Edward McFowland III, of the Information & Decision Sciences Department at the University of Minnesota, will present:
Abstract: The randomized experiment is an important tool for inferring the causal impact of an intervention. The most common analysis conducted in this context is the estimation of the average treatment effect (ATE). However, the recent literature on heterogeneous treatment effects demonstrates the utility of estimating the marginal conditional average treatment effect (MCATE), i.e., the average treatment effect for a subpopulation of respondents who share a particular subset of covariates. Additionally, the literature proposes the use of data mining methods to estimate the exponential number (in covariate size) of MCATEs that exist in the data. However, each proposed method makes its own set of (restrictive) assumptions about the intervention’s affect, the underlying data generating processes, and which subpopulations (MCATEs) to explicitly estimate.

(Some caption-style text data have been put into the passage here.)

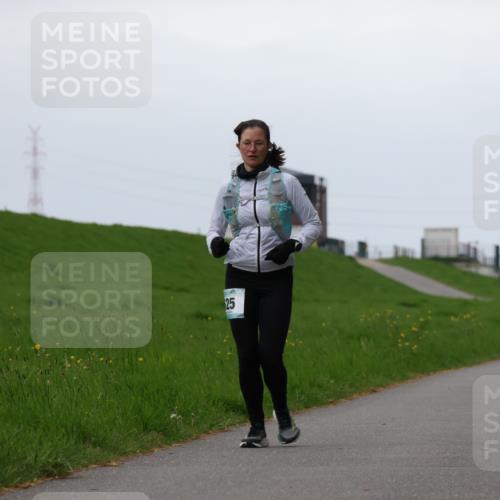 04.05.2025 - 8. Wedeler Halbmarathon Yannick Fuchs http://msf.ph/oto/7824237 04.05.2025 12:21:59 Laufen 25 meine-sportfotos.de
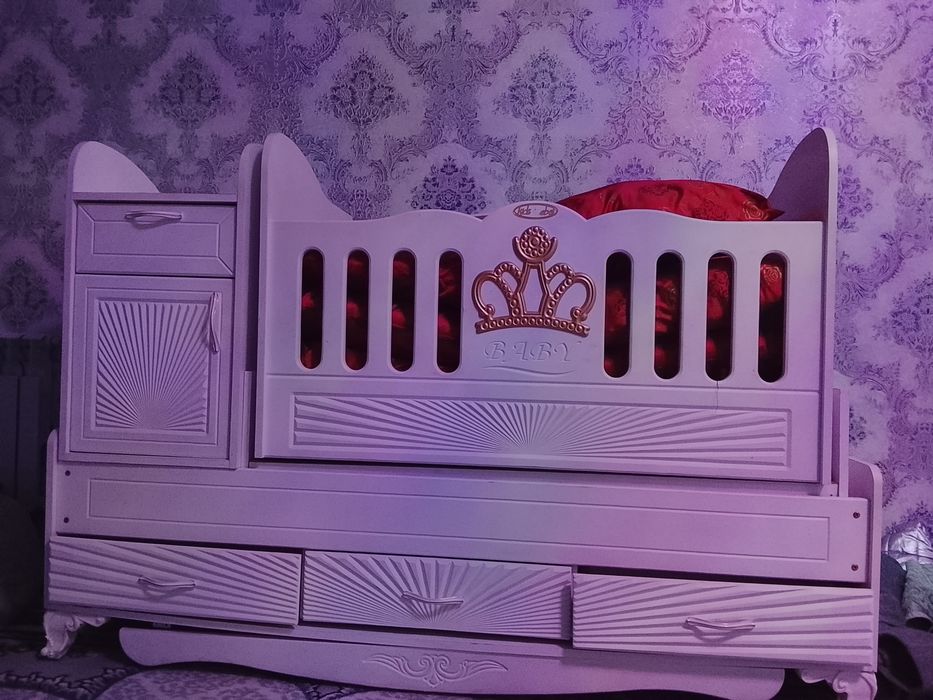 Детский кровать сотилади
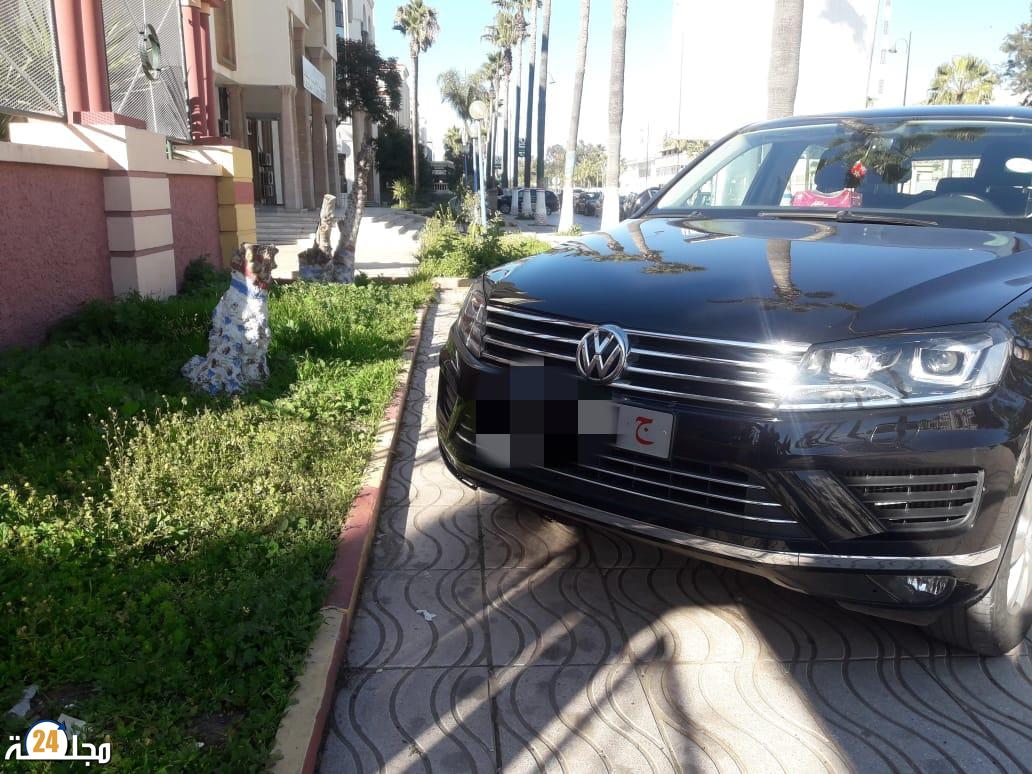 سطات… حيث يركن أصحاب النفوذ فوق الرصيف وتحت القانون!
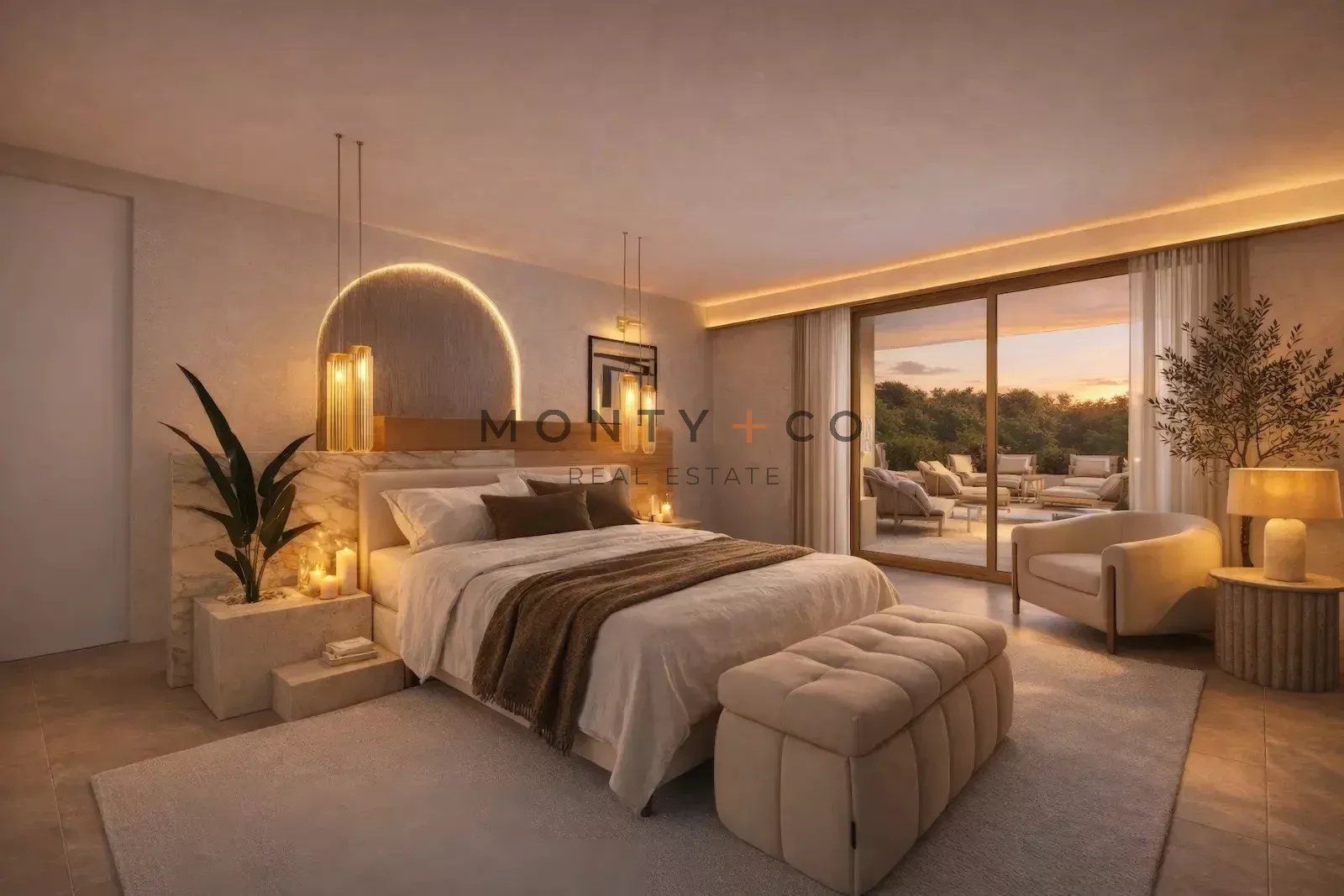 apartment 5 Rooms for sale on Saint-Tropez (83990)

Moreover, the majority of the literature provides no mechanism to identify which subpopulations are the most affected–beyond manual inspection–and provides little guarantee on the correctness of the identified subpopulations. Therefore, we propose Treatment Effect Subset Scan (TESS), a new method for discovering which subpopulation in a randomized experiment is most significantly affected by a treatment. We frame the affected subpopulation discovery challenge as a pattern detection problem where we maximize a nonparametric scan statistic (measurement of distributional divergence) over all subpopulations, while being parsimonious in which specific subpopulations’ effects to estimate. Furthermore, we identify the subpopulation which experiences the largest distributional change as a result of the intervention, while making minimal assumptions about the intervention’s affect or the underlying data generating process. In addition to the algorithm, we provide finite sample statistical bounds on its error and detection power, and provide sufficient conditions for detection consistency–i.e., exact identification of affected subpopulation. Finally, we validate the efficacy of the method by discovering heterogeneous treatment effects in simulations and in a real-world dataset from a well-known program evaluation study.
A social tea will be held at 3:00 p.m. in A434 Mayo. All are Welcome.